### [Work to be completed]
Copy out exactly the lines from the one containing "Peter Møller er" to the end of the records below, both included, and nothing else.

### [Source material]
═══
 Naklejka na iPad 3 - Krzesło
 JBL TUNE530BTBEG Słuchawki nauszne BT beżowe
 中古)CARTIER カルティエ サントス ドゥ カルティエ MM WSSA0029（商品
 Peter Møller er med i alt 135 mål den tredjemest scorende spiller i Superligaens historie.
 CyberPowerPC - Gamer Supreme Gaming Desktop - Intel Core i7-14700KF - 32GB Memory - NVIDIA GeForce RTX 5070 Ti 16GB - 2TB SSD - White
═══
### [Solution for this exercise]
 Peter Møller er med i alt 135 mål den tredjemest scorende spiller i Superligaens historie.
 CyberPowerPC - Gamer Supreme Gaming Desktop - Intel Core i7-14700KF - 32GB Memory - NVIDIA GeForce RTX 5070 Ti 16GB - 2TB SSD - White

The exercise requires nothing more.